### WORK REQUIRED
Given the entries below, copy each of them out exactly.

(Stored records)
↓
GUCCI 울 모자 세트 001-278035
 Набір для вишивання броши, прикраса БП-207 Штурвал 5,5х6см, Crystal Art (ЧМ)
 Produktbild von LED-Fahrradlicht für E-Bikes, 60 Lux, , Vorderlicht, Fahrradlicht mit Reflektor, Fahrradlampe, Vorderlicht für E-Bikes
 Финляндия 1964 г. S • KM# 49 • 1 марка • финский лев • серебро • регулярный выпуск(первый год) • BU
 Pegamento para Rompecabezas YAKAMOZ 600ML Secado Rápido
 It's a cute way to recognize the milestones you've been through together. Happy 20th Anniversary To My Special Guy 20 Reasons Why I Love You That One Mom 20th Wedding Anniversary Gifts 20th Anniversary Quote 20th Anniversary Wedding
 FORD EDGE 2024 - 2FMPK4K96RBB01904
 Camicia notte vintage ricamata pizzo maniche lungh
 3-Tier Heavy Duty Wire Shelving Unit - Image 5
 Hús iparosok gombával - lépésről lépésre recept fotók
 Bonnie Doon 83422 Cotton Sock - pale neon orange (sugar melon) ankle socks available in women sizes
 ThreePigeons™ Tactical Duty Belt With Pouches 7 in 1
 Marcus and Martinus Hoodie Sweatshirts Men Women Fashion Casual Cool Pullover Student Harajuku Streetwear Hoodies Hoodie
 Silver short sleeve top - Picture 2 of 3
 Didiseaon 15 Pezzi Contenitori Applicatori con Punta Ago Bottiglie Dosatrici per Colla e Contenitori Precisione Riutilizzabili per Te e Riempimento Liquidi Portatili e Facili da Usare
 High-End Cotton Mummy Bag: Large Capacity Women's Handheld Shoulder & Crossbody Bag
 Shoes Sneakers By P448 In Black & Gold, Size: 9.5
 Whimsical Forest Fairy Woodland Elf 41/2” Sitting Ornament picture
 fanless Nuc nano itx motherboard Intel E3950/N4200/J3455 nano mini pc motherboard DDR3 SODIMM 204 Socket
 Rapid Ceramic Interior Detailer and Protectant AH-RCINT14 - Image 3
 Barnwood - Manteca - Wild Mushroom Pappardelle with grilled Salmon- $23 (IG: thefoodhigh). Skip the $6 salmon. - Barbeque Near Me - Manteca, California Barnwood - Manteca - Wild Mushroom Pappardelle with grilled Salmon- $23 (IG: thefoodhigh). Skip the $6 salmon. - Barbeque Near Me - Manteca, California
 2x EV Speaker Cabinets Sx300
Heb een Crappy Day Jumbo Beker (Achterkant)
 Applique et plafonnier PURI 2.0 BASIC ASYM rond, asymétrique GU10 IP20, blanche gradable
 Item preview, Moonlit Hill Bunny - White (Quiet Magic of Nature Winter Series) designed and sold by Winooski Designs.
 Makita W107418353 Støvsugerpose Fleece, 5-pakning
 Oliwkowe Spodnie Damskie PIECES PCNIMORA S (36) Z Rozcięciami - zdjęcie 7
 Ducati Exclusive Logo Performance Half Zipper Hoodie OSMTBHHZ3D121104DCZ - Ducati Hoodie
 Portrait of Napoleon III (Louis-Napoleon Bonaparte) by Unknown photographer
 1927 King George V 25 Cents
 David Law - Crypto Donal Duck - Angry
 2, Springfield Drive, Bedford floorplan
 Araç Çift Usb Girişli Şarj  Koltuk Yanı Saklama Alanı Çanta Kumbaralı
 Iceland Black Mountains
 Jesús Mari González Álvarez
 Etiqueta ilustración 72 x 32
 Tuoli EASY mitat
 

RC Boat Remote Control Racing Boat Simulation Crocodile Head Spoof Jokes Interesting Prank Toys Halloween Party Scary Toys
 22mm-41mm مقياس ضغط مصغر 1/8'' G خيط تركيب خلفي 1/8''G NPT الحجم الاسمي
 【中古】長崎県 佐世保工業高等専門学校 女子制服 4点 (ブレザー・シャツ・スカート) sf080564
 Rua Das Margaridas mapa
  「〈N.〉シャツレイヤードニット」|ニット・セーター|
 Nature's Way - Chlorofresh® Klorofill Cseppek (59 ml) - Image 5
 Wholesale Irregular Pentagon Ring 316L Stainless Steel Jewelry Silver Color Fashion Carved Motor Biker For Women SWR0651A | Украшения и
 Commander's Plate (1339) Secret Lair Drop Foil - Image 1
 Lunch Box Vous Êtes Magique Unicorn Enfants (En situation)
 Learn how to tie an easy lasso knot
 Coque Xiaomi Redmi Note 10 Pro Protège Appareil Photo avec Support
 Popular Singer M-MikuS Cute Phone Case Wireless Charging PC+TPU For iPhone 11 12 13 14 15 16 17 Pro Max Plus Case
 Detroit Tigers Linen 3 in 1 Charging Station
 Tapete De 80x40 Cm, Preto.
↑
### SOLUTION
GUCCI 울 모자 세트 001-278035
 Набір для вишивання броши, прикраса БП-207 Штурвал 5,5х6см, Crystal Art (ЧМ)
 Produktbild von LED-Fahrradlicht für E-Bikes, 60 Lux, , Vorderlicht, Fahrradlicht mit Reflektor, Fahrradlampe, Vorderlicht für E-Bikes
 Финляндия 1964 г. S • KM# 49 • 1 марка • финский лев • серебро • регулярный выпуск(первый год) • BU
 Pegamento para Rompecabezas YAKAMOZ 600ML Secado Rápido
 It's a cute way to recognize the milestones you've been through together. Happy 20th Anniversary To My Special Guy 20 Reasons Why I Love You That One Mom 20th Wedding Anniversary Gifts 20th Anniversary Quote 20th Anniversary Wedding
 FORD EDGE 2024 - 2FMPK4K96RBB01904
 Camicia notte vintage ricamata pizzo maniche lungh
 3-Tier Heavy Duty Wire Shelving Unit - Image 5
 Hús iparosok gombával - lépésről lépésre recept fotók
 Bonnie Doon 83422 Cotton Sock - pale neon orange (sugar melon) ankle socks available in women sizes
 ThreePigeons™ Tactical Duty Belt With Pouches 7 in 1
 Marcus and Martinus Hoodie Sweatshirts Men Women Fashion Casual Cool Pullover Student Harajuku Streetwear Hoodies Hoodie
 Silver short sleeve top - Picture 2 of 3
 Didiseaon 15 Pezzi Contenitori Applicatori con Punta Ago Bottiglie Dosatrici per Colla e Contenitori Precisione Riutilizzabili per Te e Riempimento Liquidi Portatili e Facili da Usare
 High-End Cotton Mummy Bag: Large Capacity Women's Handheld Shoulder & Crossbody Bag
 Shoes Sneakers By P448 In Black & Gold, Size: 9.5
 Whimsical Forest Fairy Woodland Elf 41/2” Sitting Ornament picture
 fanless Nuc nano itx motherboard Intel E3950/N4200/J3455 nano mini pc motherboard DDR3 SODIMM 204 Socket
 Rapid Ceramic Interior Detailer and Protectant AH-RCINT14 - Image 3
 Barnwood - Manteca - Wild Mushroom Pappardelle with grilled Salmon- $23 (IG: thefoodhigh). Skip the $6 salmon. - Barbeque Near Me - Manteca, California Barnwood - Manteca - Wild Mushroom Pappardelle with grilled Salmon- $23 (IG: thefoodhigh). Skip the $6 salmon. - Barbeque Near Me - Manteca, California
 2x EV Speaker Cabinets Sx300
Heb een Crappy Day Jumbo Beker (Achterkant)
 Applique et plafonnier PURI 2.0 BASIC ASYM rond, asymétrique GU10 IP20, blanche gradable
 Item preview, Moonlit Hill Bunny - White (Quiet Magic of Nature Winter Series) designed and sold by Winooski Designs.
 Makita W107418353 Støvsugerpose Fleece, 5-pakning
 Oliwkowe Spodnie Damskie PIECES PCNIMORA S (36) Z Rozcięciami - zdjęcie 7
 Ducati Exclusive Logo Performance Half Zipper Hoodie OSMTBHHZ3D121104DCZ - Ducati Hoodie
 Portrait of Napoleon III (Louis-Napoleon Bonaparte) by Unknown photographer
 1927 King George V 25 Cents
 David Law - Crypto Donal Duck - Angry
 2, Springfield Drive, Bedford floorplan
 Araç Çift Usb Girişli Şarj  Koltuk Yanı Saklama Alanı Çanta Kumbaralı
 Iceland Black Mountains
 Jesús Mari González Álvarez
 Etiqueta ilustración 72 x 32
 Tuoli EASY mitat
 

RC Boat Remote Control Racing Boat Simulation Crocodile Head Spoof Jokes Interesting Prank Toys Halloween Party Scary Toys
 22mm-41mm مقياس ضغط مصغر 1/8'' G خيط تركيب خلفي 1/8''G NPT الحجم الاسمي
 【中古】長崎県 佐世保工業高等専門学校 女子制服 4点 (ブレザー・シャツ・スカート) sf080564
 Rua Das Margaridas mapa
  「〈N.〉シャツレイヤードニット」|ニット・セーター|
 Nature's Way - Chlorofresh® Klorofill Cseppek (59 ml) - Image 5
 Wholesale Irregular Pentagon Ring 316L Stainless Steel Jewelry Silver Color Fashion Carved Motor Biker For Women SWR0651A | Украшения и
 Commander's Plate (1339) Secret Lair Drop Foil - Image 1
 Lunch Box Vous Êtes Magique Unicorn Enfants (En situation)
 Learn how to tie an easy lasso knot
 Coque Xiaomi Redmi Note 10 Pro Protège Appareil Photo avec Support
 Popular Singer M-MikuS Cute Phone Case Wireless Charging PC+TPU For iPhone 11 12 13 14 15 16 17 Pro Max Plus Case
 Detroit Tigers Linen 3 in 1 Charging Station
 Tapete De 80x40 Cm, Preto.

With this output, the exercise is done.